Manuel Lopes Andrade, aka Tcheka, was born on the 20th July 1973 in the port of Ribeira Barca, Santa Catarina district, on Santiago, the most African island of the Cape Verde archipelago. At a very early age, he began to perform alongside his father, Nho Raul Andrade, a highly popular violinist at the island’s village dances and festivities. Tcheka was in good hands. Every wrong note brought a rap on the knuckles from his father’s bow, but he learned quickly and soon made his mark at dances, weddings, baptisms and so on.
However, the boy had other ambitions. At 15, he began to develop a more personal style, based on batuque, one of Santiago Island’s more popular beats, originally played by women. One of the first pieces he wrote, “Man’ba des bes kumida dâ”, gave a clear idea of the musical path he wished to follow. His aim was to widen the appeal of batuque, turning it into a beat that everyone would love.
In the meantime, a man must earn his living. Tcheka left his rural home and went to live in Praia, where he became a cameraman for national television, a job that involved travel and broadened his horizons. In Praia, Tcheka met journalist Julio Rodrigues and wrote a number of songs with him. The two played informally in the bars of the Cape Verdean capital and other musicians soon joined them: percussionist Pery, bassist Kizo, flautist Robert Pemberton (a Scotsman who lived in Cape Verde) and, more recently, percussionist Raul.
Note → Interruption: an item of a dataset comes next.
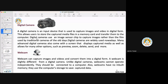Advanced digital cameras offer many effects and options like zoom, preview, and delete. Web cameras also capture images and videos and convert them into digital form, but they differ from digital cameras in that they do not have inbuilt memory. They must be connected to a computer, which stores the captured data.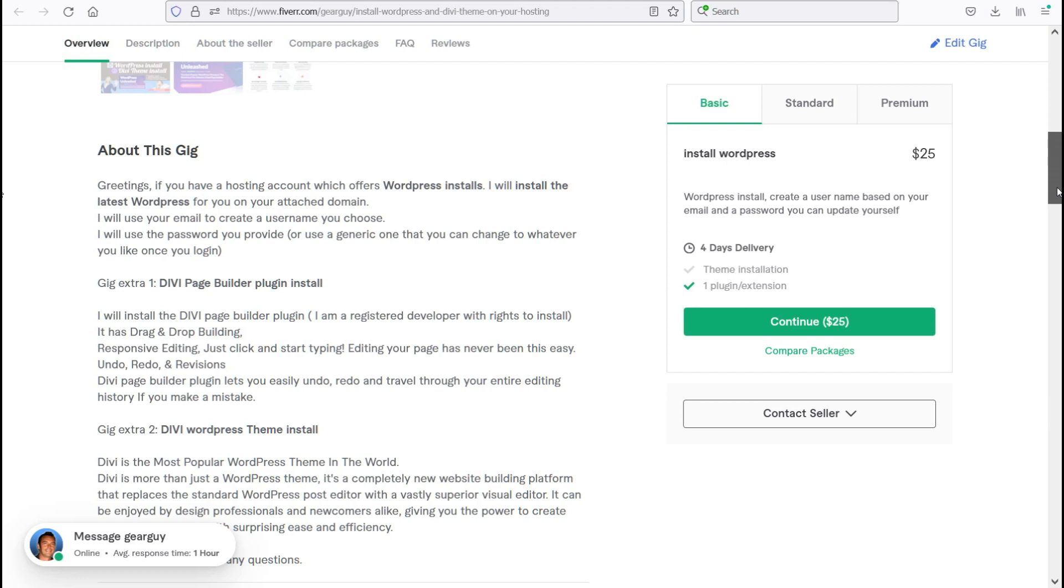As a gig extra number one, I offer the Divi Page Builder plugin install. This will be a Divi Page Builder plugin and I am a registered developer with the rights to install this.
Today, Tcheka is well-known in Praia for his work in modernising “batuque”, in much the same way as Catchas updated Funana, the other great Santiago beat, in the seventies. Providing a new reading of batuque while conserving its traditional structures is the message of Tcheka’s first album, entitled “Argui” (“rise / stand up” in Creole).
Note on Batuqye: Batuque, a beat specific to the island of Santiago in the Cape Verde archipelago, conveys the collective memory and identity of a people. Batuque was first played after work in the fields, traditionally by women. Sitting in a circle, they tapped on a “tchabeta”, a bundle of cloth, normally made of piled loincloths that they rolled up and held between their legs. Depending on the thickness and compression of the fabric used, these cloth drums produced a variety of sounds. Batuque provided an accompaniment for “finaçon”, a vocal style that the women improvised to suit their audience and the occasion. Following African tradition, the singers commented on village events, celebrated farming festivals, births and marriages, and commemorated deaths. Sometimes one of them would enter the “terrero” (the inside of the circle) and dance.
Today, these inflexible traditions have been radically updated. Firstly, the women – who hardly ever wear loincloths now – make their drums from plastic bags. Stacked and folded in the customary way, they produce a wide range of sounds (listen to the Terrero album). Secondly, young men (Tcheka is not alone) are adopting these traditional styles, batuque and finaçon, their childhood lullaby, to assert their African identity more actively.